# How many directors search sites such as Soundcloud?



## streetster (Nov 8, 2015)

Hi

I very much appreciate that much of the hiring of composers is via some means of networking or having heard your music on other projects. I am interested to know however how likely is it score a project based on soundcloud submissions?

Are there many producers/directors (including indie film) that scour sites such as Soundcloud looking for music of styles they are interested in and hence composers getting their leg up in the industry??


----------



## Baron Greuner (Nov 8, 2015)

There's a lot of people that scour Soundcloud so that they can steal. Don't know about directors for films. If I was a director, I wouldn't. I would scour previous films and see if the composer has any clue about how to write music to film, not to Soundcloud.


----------



## samphony (Nov 8, 2015)

That's why I stopped putting newest stuff on sc. I prefer a password protected reel page sending out to potential clients.


----------



## Ron Verboom (Nov 10, 2015)

samphony said:


> That's why I stopped putting newest stuff on sc. I prefer a password protected reel page sending out to potential clients.



Is Soundcloud really that bad. I mean, i only put low quality mp3's on sc not suitable for license imo. Settings to 'no download' (but i know it is not that difficult to download the tracks if you really want to). I think sc is very handy for promoting your music. What other sites are there like sc who are safer?


----------



## samphony (Nov 10, 2015)

@Ron Verboom SC is exactly as you say a great way to promote your stuff or to collaborate. I personally think that with unreleased material it might be good to host stuff outside that network.
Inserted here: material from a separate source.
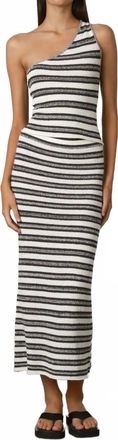 Zulu & Zephyr Marle Textured Knit Top In Black, Grey, And White Stripe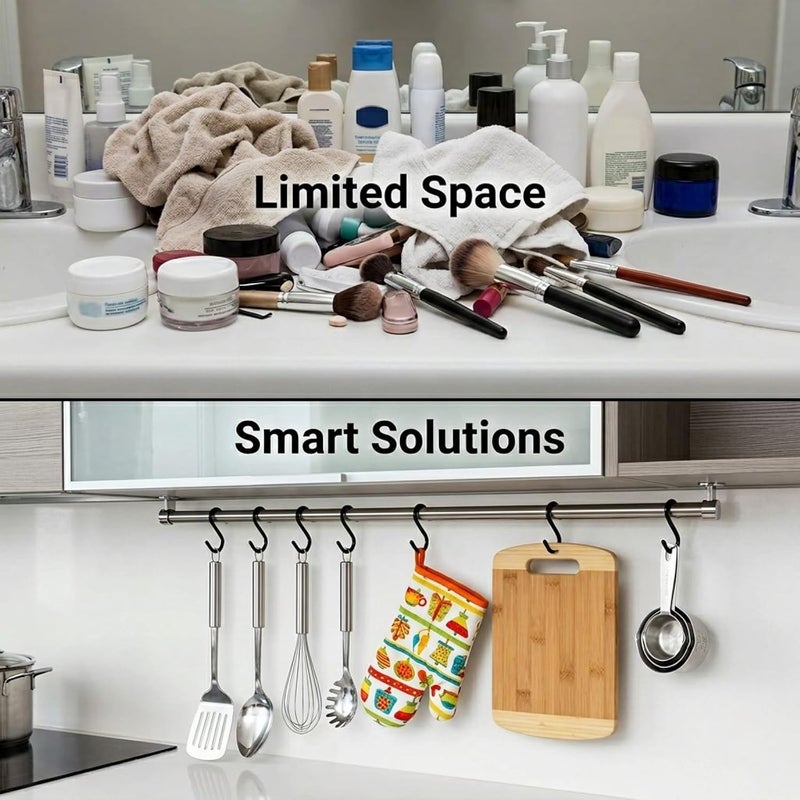 Space-Saving Utility Hooks, 4 Pcs Large Black Plastic S-Hooks, Pack of 3 Durable Organizer Hangers with Secure S-Type Opening, Fit 1.18 in Rods for Kitchen, Bathroom, Closet, Home, Office - Image 2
It's just my personal opinion.


----------



## jmvideo (Nov 10, 2015)

Baron Greuner said:


> There's a lot of people that scour Soundcloud so that they can steal.



May I ask... steal for what purpose?


----------



## jmvideo (Nov 14, 2015)

I'm asking because I'd like to know who exactly is scouring SoundCloud to steal? Are you saying that composers are scouring SoundCloud to steal other people's ideas, or are you saying that people are stealing actual tracks to use as their own?


----------



## Dean (Nov 15, 2015)

jmvideo said:


> I'm asking because I'd like to know who exactly is scouring SoundCloud to steal? Are you saying that composers are scouring SoundCloud to steal other people's ideas, or are you saying that people are stealing actual tracks to use as their own?



I'm sure hes referring to people who download your music from SoundCloud and exploit it without permission for monetary gain and sometimes its just re-uploaded to Youtube etc, by music fans with new artwork/stills most of the time the composer is fully credited and its purely for the love of music.

Either way I dont give it much thought,I have some of my music on Soundcloud most of it has been downloaded (without permission) and its now all over Youtube but the publishers dont mind too much as they're now collecting some nice royalties from Adrev via audio recognition software,I'm sure theres alot more dodgy stuff going on too but lifes way too short to worry about that. D


----------



## RiffWraith (Nov 15, 2015)

jmvideo said:


> I'm asking because I'd like to know who exactly is scouring SoundCloud to steal?



mp3 sites, many of which are hosted in Russia and The Ukraine. To illustrate this, do a google of

*dean valentine music*

and you will see what I mean on pages 2 & 3

Cheers.


----------



## The Darris (Nov 15, 2015)

I will say this in regards to the thread title. The majority of directors do not surf soundcloud. They reach out to their friends and professional acquaintances. I've never gotten a gig out of the blue because someone listened to my soundcloud. It was always through someone directly connected to the director or producer in charge of the project. 

I can't stress enough about how important the relationships are that you make in this industry. The consistent work I get has been from the same director since I first joined his team for his senior thesis film. If you are wanting to get experience, which you should be doing, I highly suggest you scour your local area for filmmakers who are getting their feet wet just like you. Your personality and ability to maintain a relationship both socially and professionally is probably more important than how good your music is. Your music will be hit or miss on some projects but if you act cool and work with your director and maintain that professional and social connection, they will most likely call on your for the next project. Not only that, but assistant directors and producers (hell even actors) will recommend you on other projects thus allowing you to branch out and start really working. 

*tl:dr *is that you should make sure your soundcloud represents your talents and best work. After you have that, start going to film fests, parties, contact film schools to get connected with young film makers, etc. Get to know those people. If they like and trust you, chances are they will want to work with you.

Best,

Chris


----------



## Dean (Nov 16, 2015)

RiffWraith said:


> mp3 sites, many of which are hosted in Russia and The Ukraine. To illustrate this, do a google of
> 
> *dean valentine music*
> 
> ...


Like I said,...'_I'm sure theres alot more dodgy stuff going on too but lifes way too short to worry about that_.' D


----------